“The difference between the Guizhou of today and when I was young is huge,” said 56-year-old Li Maoqin, a resident in the southwestern Chinese province’s capital, Guiyang. “It’s like the difference between the earth and the sky.”
Guiyang, nestled among luscious green mountain peaks, has typically been known more for poverty than innovation. As a child, Li was so poor she went with her grandmother from village to village, begging for food.
However, the rapidly developing city has a plan to reinvent itself as a technology hub, attracting thousands of tech-savvy entrepreneurs to a week-long expo, drawing big names to open data centers and embracing the self-proclaimed nickname “China’s big data valley.”
Photo: Reuters
While China’s growth has generally been powered by top-tier eastern cities, Guizhou last year posted the third-fastest economic growth among China’s 31 provinces and Guiyang was last year ranked as the best-performing city by the Milken Institute.

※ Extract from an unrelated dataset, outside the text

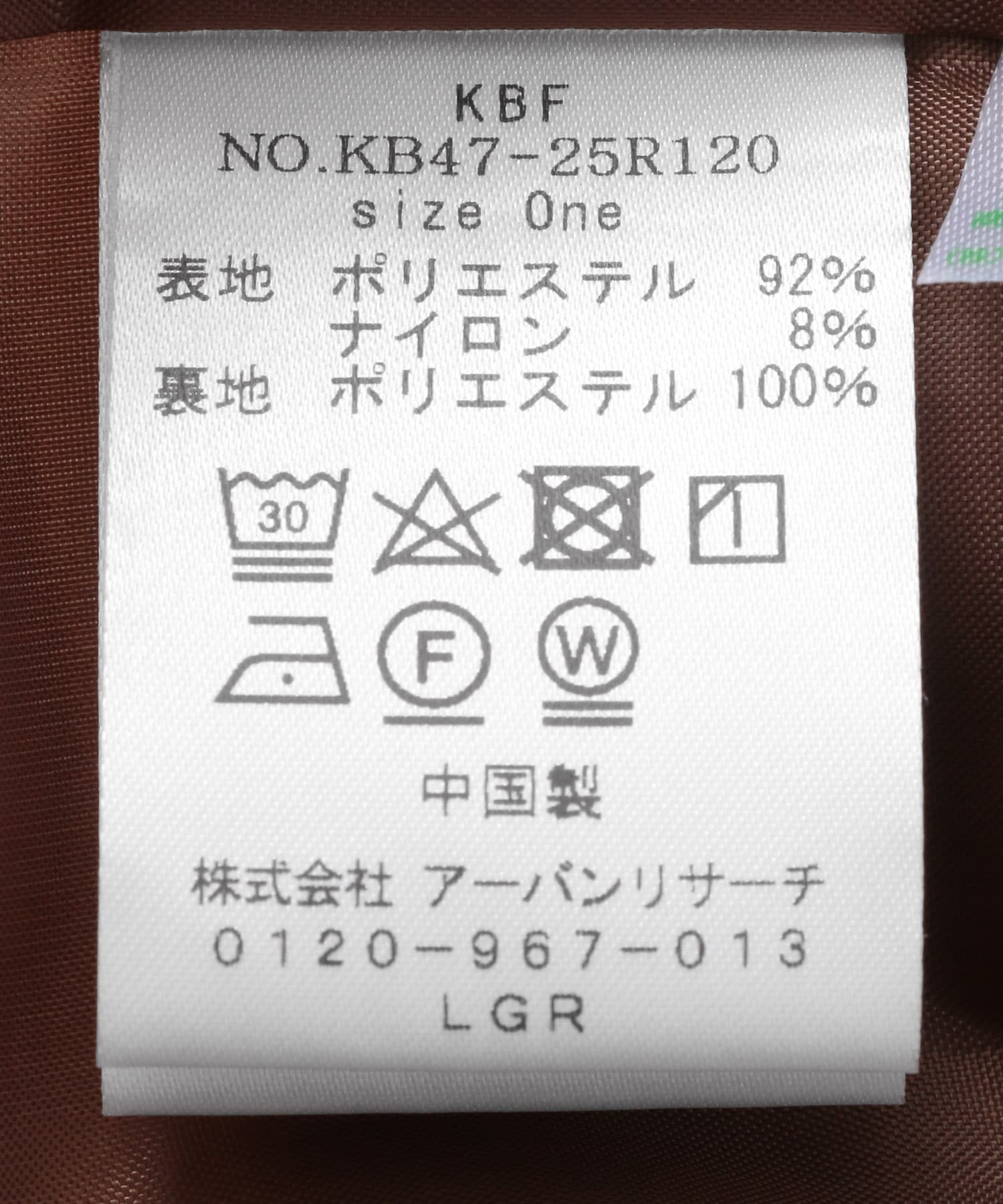 ウエストオープンIラインスカート BROWN one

“If you have missed the investment opportunity in Guangdong or Zhejiang 30 years ago, by no means should you miss that of Guizhou today,” Alibaba Group Holding Ltd (阿里巴巴) chairman Jack Ma (馬雲) said.
An hour’s drive out of Guiyang is Gui An New District, a 1,795km2 suburb designated as the strategic heart of Guiyang’s technology aspirations.

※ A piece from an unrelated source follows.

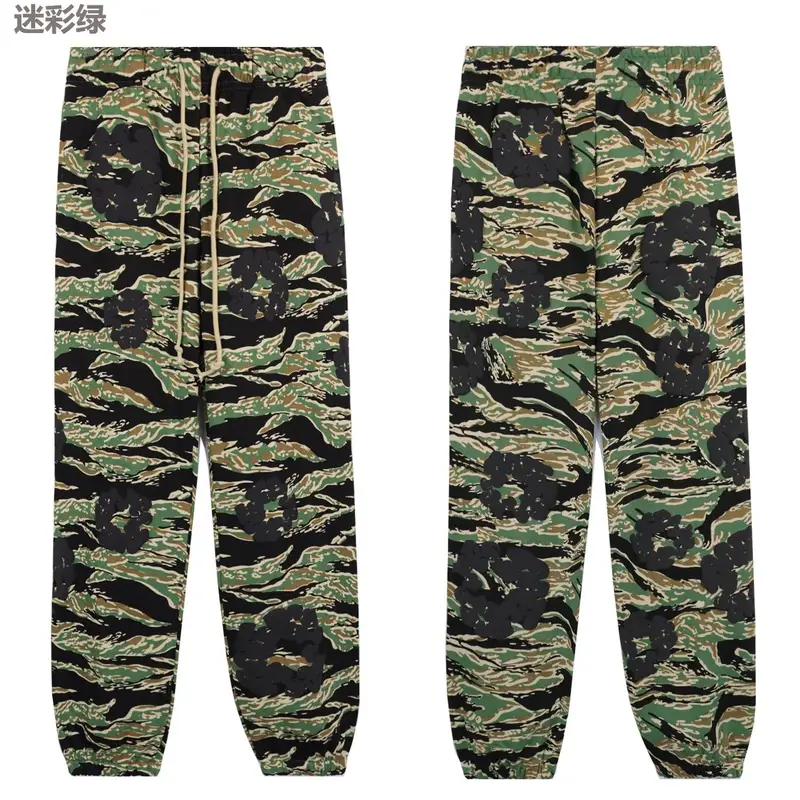 Denim Tears New Zip Hoodie — 8206 Green colorway — Kakobuy Spreadsheet photo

A new Foxconn Technology Group (富士康科技集團) plant is among the first to open here, packed with hundreds of young employees brandishing smartphones and ID tags.

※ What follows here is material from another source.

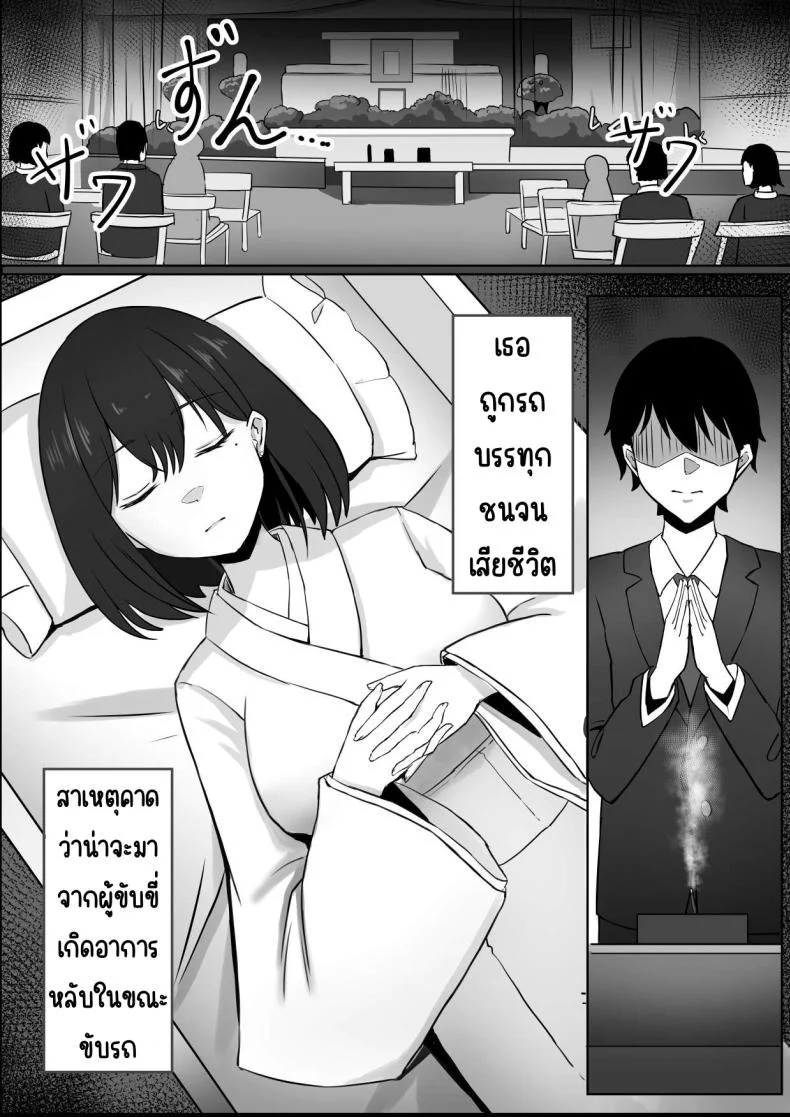 เพื่อนสมัยเด็กที่ควรตายไปแล้ว [chumo Koubou (chumo)] Nakunatta Hazu no Osananajimi to Nakadashix suru Hanashi หน้า 6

The center sits beside a newly built road lined with cars and bicycles in a newly built industrial park — Gui An’s public transport has yet to be built.
While Foxconn is among the first to arrive, more are coming. Tax incentives, state support and lower costs have helped draw companies, including Microsoft Corp, Huawei Technologies Co (華為), Hyundai Motor Co, Tencent Holdings Ltd (騰訊), Qualcomm Inc and Alibaba, to Guiyang.
A partnership with India’s NIIT for a Professional College of Electronics has been agreed, and a Chinese-UK data park of 30 companies are to jointly develop health technology.
The government has projected that investment into Gui An will increase by 11 percent to US$3.34 billion this year and create 30,000 jobs.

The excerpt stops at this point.